Theorem. In the partially synchronous model with f ≥ n/3, there is no protocol for Byzantine agreement satisfying agreement, and eventually (after GST) validity and termination.

Proof: [for the n=3, f=1 case; general case is similar]

Assume, for contradiction, that the requisite protocol exists. Strategy of the adversary:

Delay msgs between A and C for a long time (max( $T_1$ $T_2$ )+1; see below for $T_1$ $T_2$ ). It can do it because the adversary gets to choose GST…
B interacts with A as if it is an honest node with v=1
B interacts with A as if it is an honest node with v=0

From the perspective of A:

A cannot distinguish from the following two situations (1) B is Byzantine and msgs from C simply did not arrive yet (2) B is honest and C crashed forever (as a Byzantine node)
Because the protocol must satisfy termination, at some point A has to output something, and therefore it must deterministically assume that it is in situation (2) or (1).
Termination + Validity ⇒ A, hearing msgs from B with v=1, outputs 1
Say A outputs 1 at time $T_1$

From the perspective of C:

Same argument shows that C outputs 0 at time $T_2$

We arrive at a contradictions, because the protocol doesn’t satisfy agreement.

qed

The CAP Theorem (Brewer conjectured, Gilbert/Lynch proved, early 2000s)
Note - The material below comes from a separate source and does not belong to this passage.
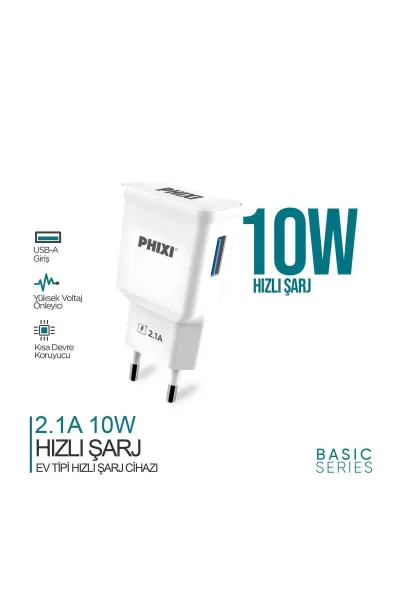 PCH201 Basic 2.1A Şarj Adaptörü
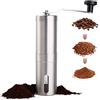 PARACITY Macina Caffè Manuale in Acciaio Inox, Nuclei di Macinazione in Ceramica, Lo Spessore Della Polvere di Caffè può essere Regolato, Espresso e Francese Tutti i Cereali Possono Essere Macinati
C for “consistency” [distributed system’s behavior indistinguishable from a centralized system]
A for “availability” (~liveness) [every command issued by a client eventually is carried out]
P for “partition tolerance” [properties C and A should hold even when there’s a network partition]

Network partition: bunch of nodes [A] ←all mgs blocked→ bunch of nodes [B] (e.g., due to a DoS attack on nodes B)

CAP Theorem: forced to pick 2 out of 3. (regardless of f)

⇒ during a network partition, must choose between availability and consistency.

Proof idea:

Initially, x=0.

Client issues a command “x:=1” to a node $i$ that is in [A].

All future clients issue command “return x”.

⇒ if $i$ ever answers “1”, this violates consistency (because nodes in [B] all return 0)

⇒ if $i$ always answers “0”, this violates availability=liveness (because Client’s command “x:=1” was not executed)

qed.

Examples:

google (with its many databases) prefers A to C of course.
bank (with its many databases) prefers C to A of course.

FLP Theorem vs CAP Theorem

Common takeaway: when under attack (asynchrony / network partition), need to choose between safety/consistency and liveness/availability.

Why then FLP thm was much harder than CAP thm? Here are the distinctions:

CAP

network partition can last forever
adversary restricted to network partition
applies with all honest nodes [only adversary is msg delivery]

FLP

every msg eventually delivered
adversary can do whatever (subject to eventual delivery)
needs at least one faulty node (though one crash fault suffices, which resembles infinite message delay)

(1) ⇒ adversary is stronger in CAP than in FLP.

(2) ⇒ adversary is stronger in FLP than in CAP, but this turns out to be not important.

Conclusion: the essence of the FLP proof is that a single crash fault already capture enough of the power of infinite msg delays to trigger the same conclusion as in CAP theorem.